● WHAT THE TASK REQUIRES: A word-for-word copy of the listing is what's needed; leave out every image.

● AVAILABLE DATA:
= = =

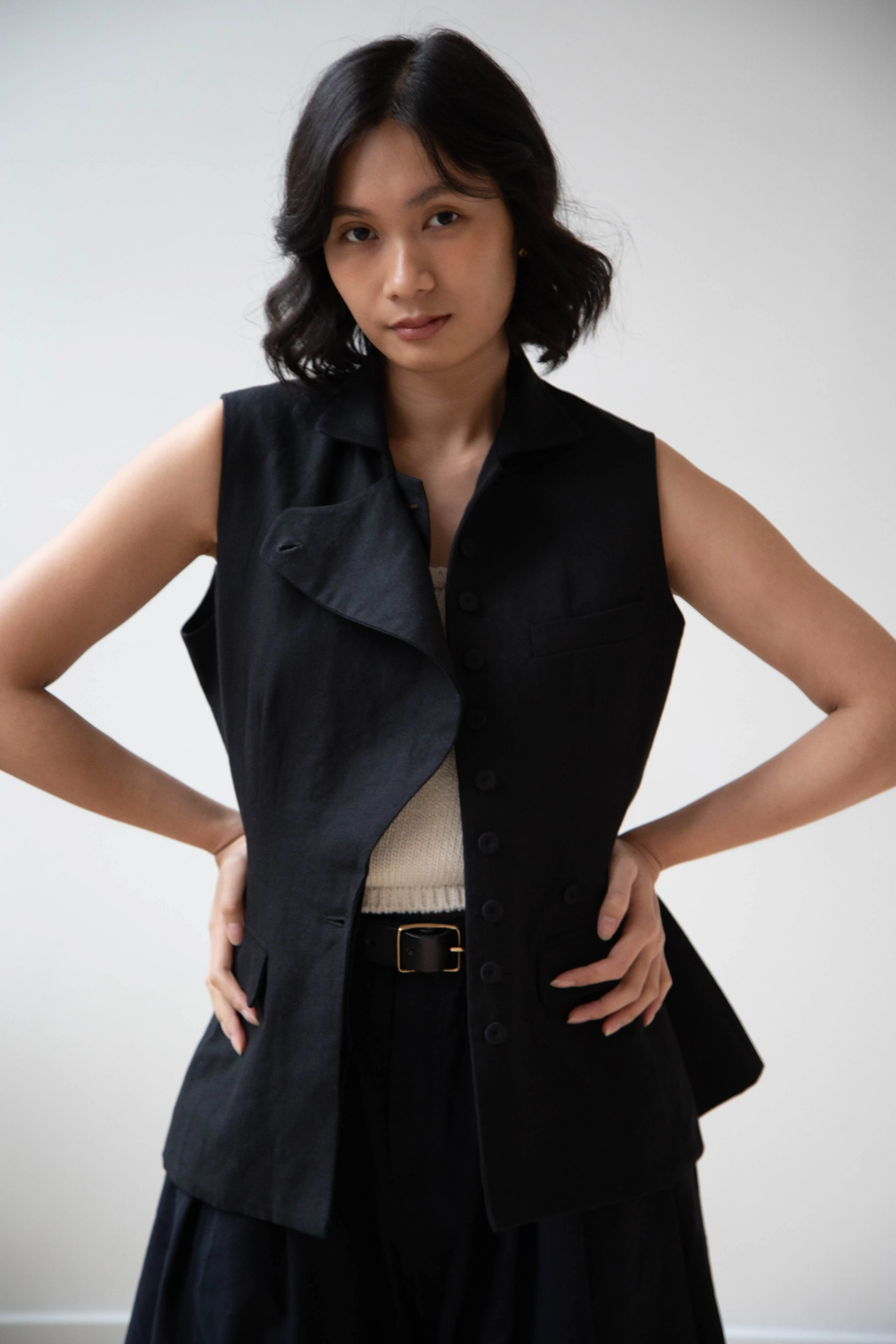 École de Curiosités | Gertrude Waistcoat Vest in Black Linen Cotton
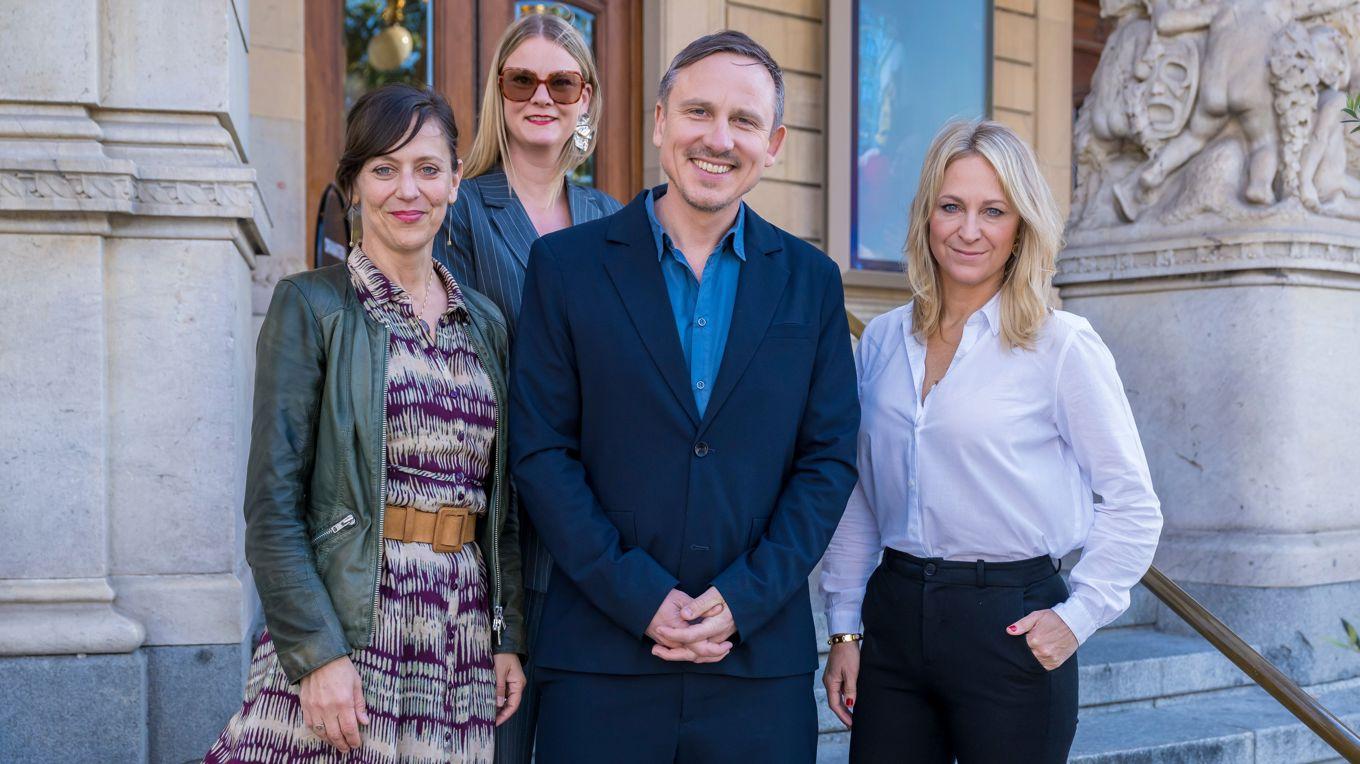 Hedda Krasiz Sjögren, Frida Edman, Oskar Ekström, Sandra Lewinsson. Foto: Pelle T Nilsson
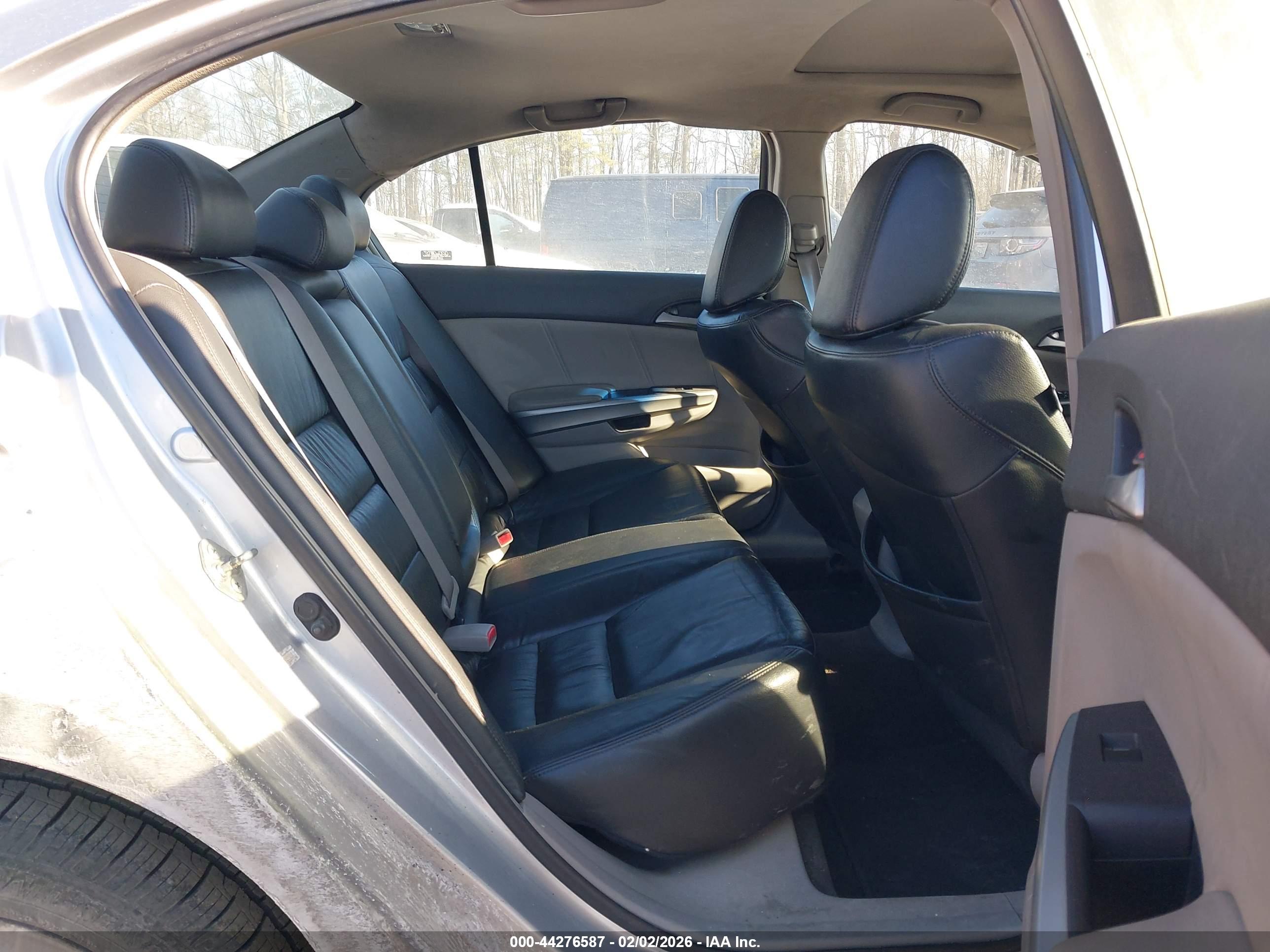 HONDA ACCORD image 8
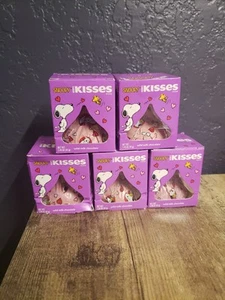Lot of 5 HERSHEY'S Medium Valentine Snoopy Milk Chocolate Kiss Kisses 1.45oz - Imagen 1 de 3
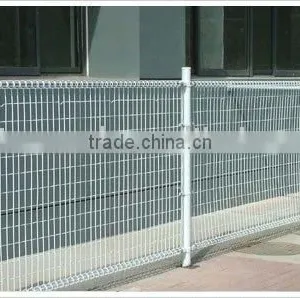 Mesh Fence thumbnail-1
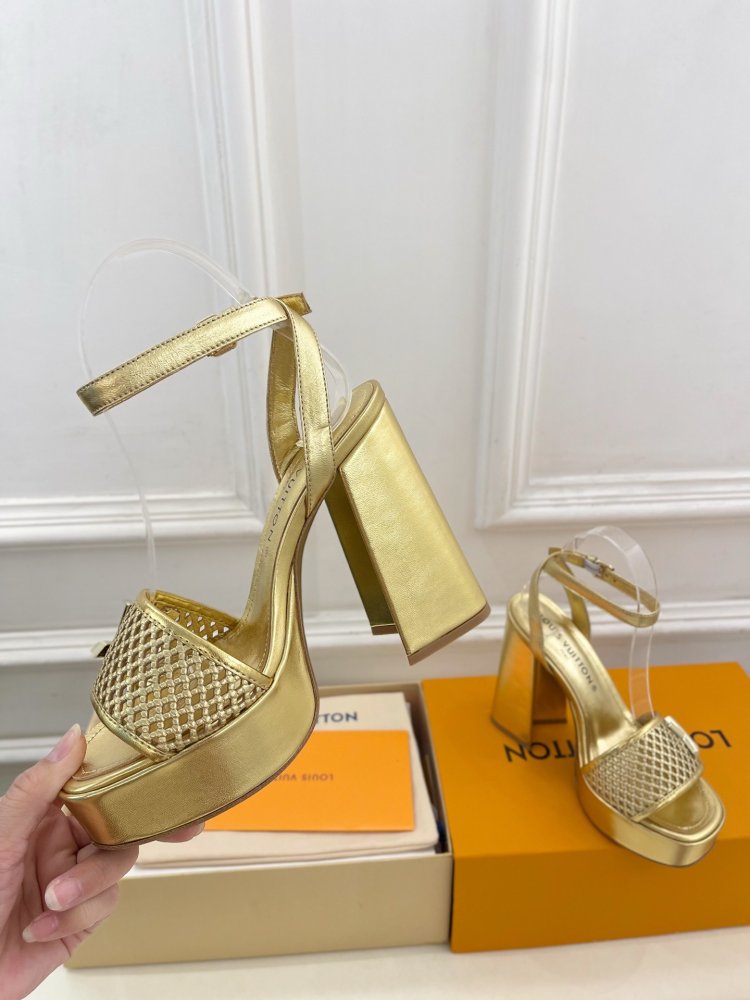 Босоножки фото 5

= = =

● RESULT:
 École de Curiosités | Gertrude Waistcoat Vest in Black Linen Cotton
 Hedda Krasiz Sjögren, Frida Edman, Oskar Ekström, Sandra Lewinsson. Foto: Pelle T Nilsson
 HONDA ACCORD image 8
Lot of 5 HERSHEY'S Medium Valentine Snoopy Milk Chocolate Kiss Kisses 1.45oz - Imagen 1 de 3
 Mesh Fence thumbnail-1
 Босоножки фото 5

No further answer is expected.